Task prompt -
Could you copy the records below exactly, keeping none of the images?

Items from a data source -
---+---
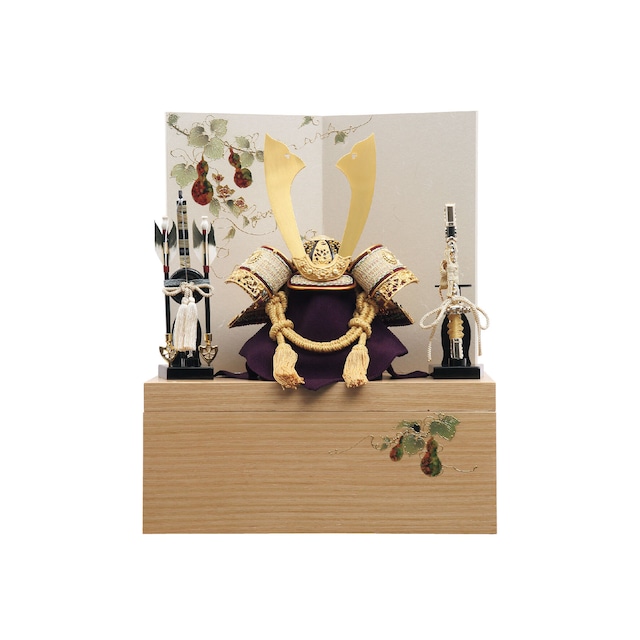 五月人形＜小型収納飾り＞龍村兜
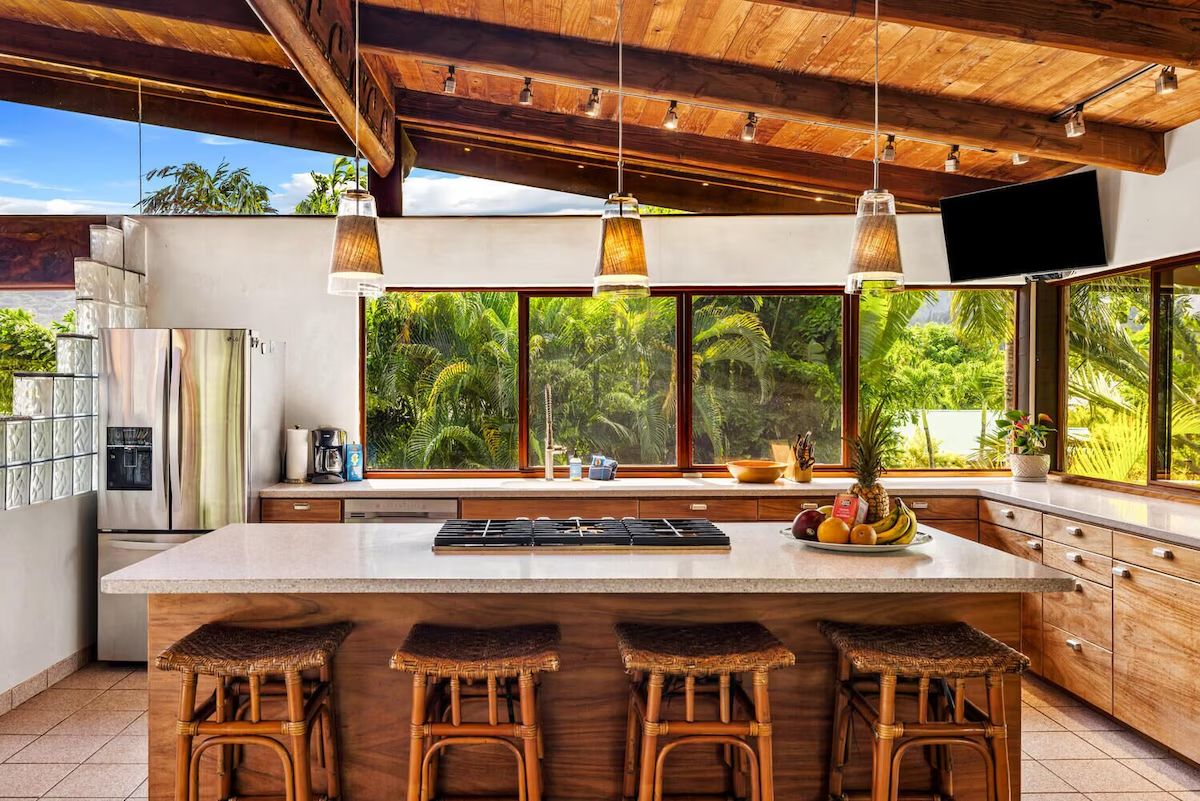 Tiki Home - Hanalei, Hawaii - Kitchen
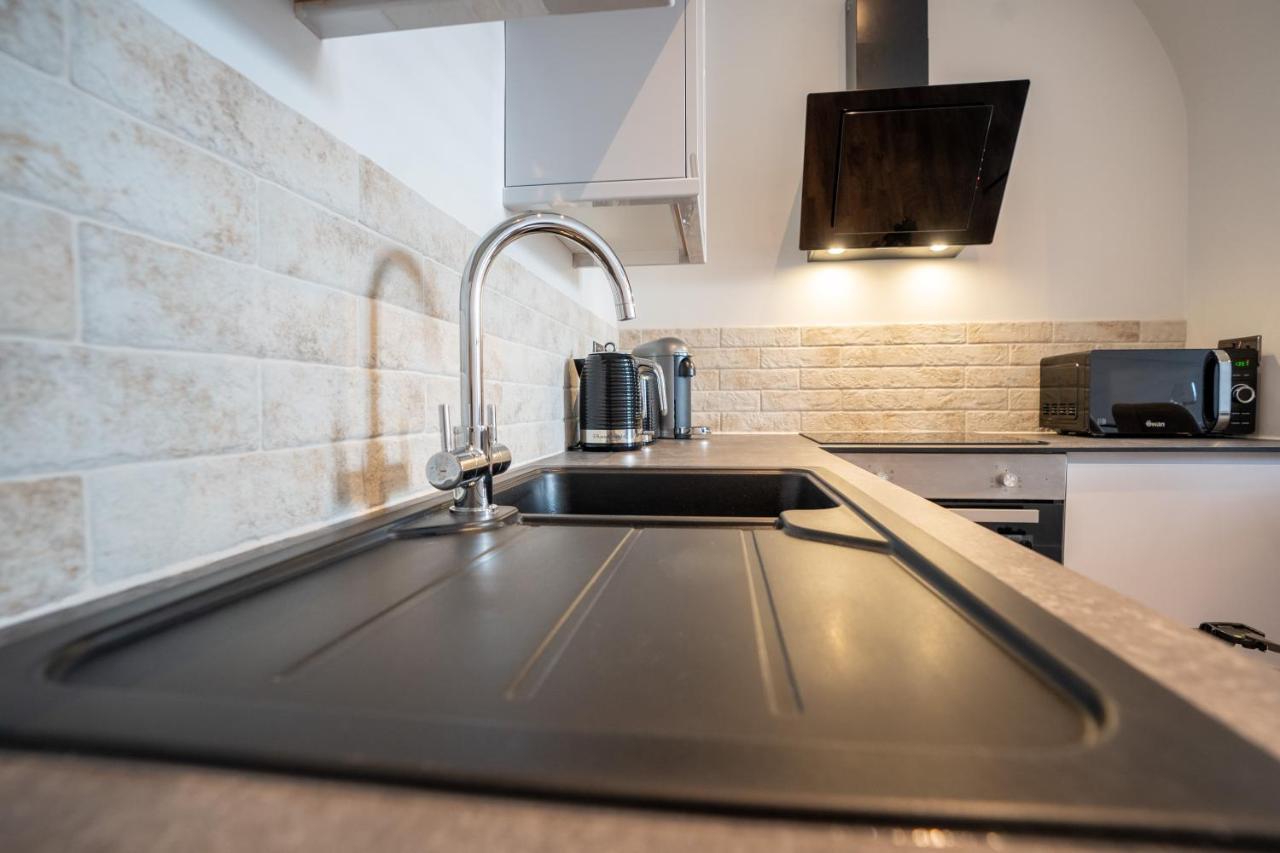 Watergate Penthouse - New 2 Bed Luxury Apartment In City Centre Chester Dış mekan fotoğraf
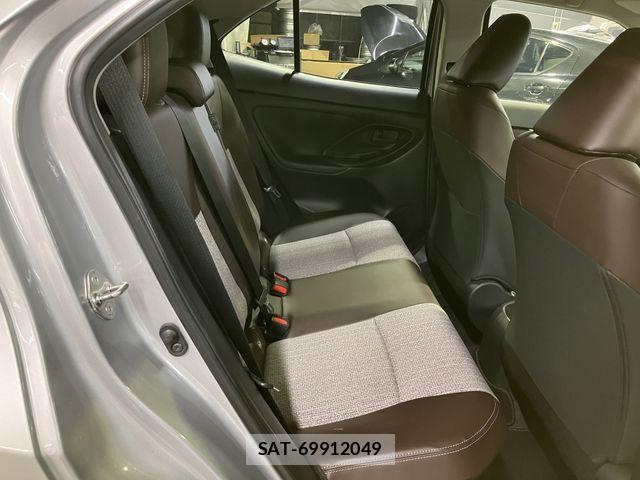 Toyota YARIS CROSS 2020-09 8370013-24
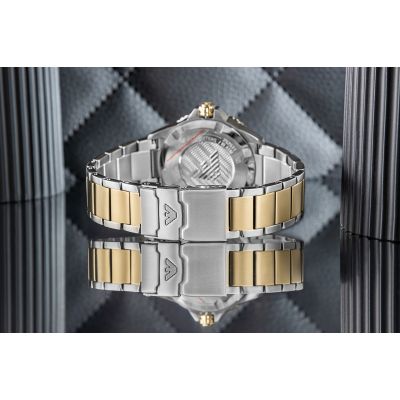 7. Herrenuhr EMPORIO ARMANI World Explorer AR11738 + Box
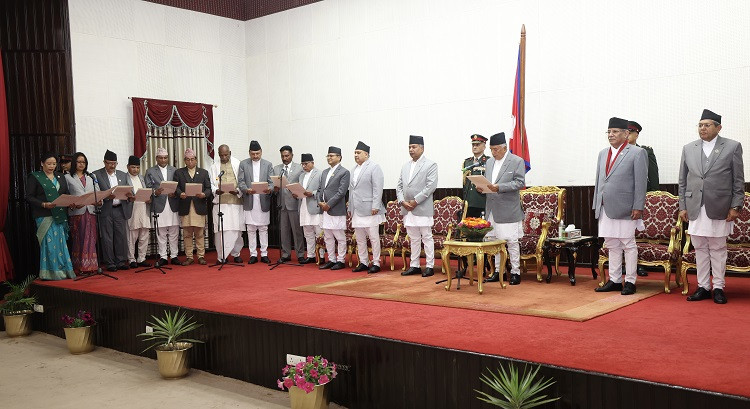 ६ वटा मन्त्रालय प्रधानमन्त्री  प्रचण्डसँगै,सातौंपल्ट पुनर्गठन हुँदा पनि मन्त्रिपरिषद अपुरो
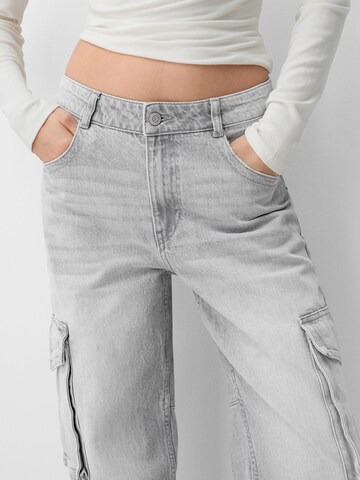 regular Jeans cargo di Bershka in grigio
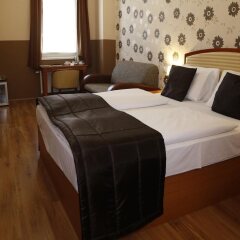 Six Inn Hotel сейф в номере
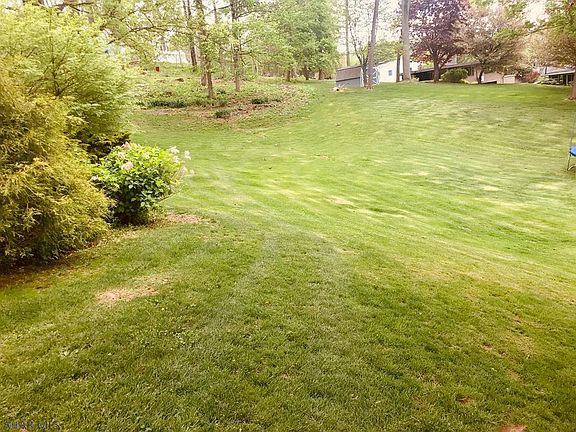 3rd image of 126 Vista Ave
---+---
Task result -
 五月人形＜小型収納飾り＞龍村兜
 Tiki Home - Hanalei, Hawaii - Kitchen
 Watergate Penthouse - New 2 Bed Luxury Apartment In City Centre Chester Dış mekan fotoğraf
 Toyota YARIS CROSS 2020-09 8370013-24
 7. Herrenuhr EMPORIO ARMANI World Explorer AR11738 + Box
 ६ वटा मन्त्रालय प्रधानमन्त्री  प्रचण्डसँगै,सातौंपल्ट पुनर्गठन हुँदा पनि मन्त्रिपरिषद अपुरो
 regular Jeans cargo di Bershka in grigio
 Six Inn Hotel сейф в номере
 3rd image of 126 Vista Ave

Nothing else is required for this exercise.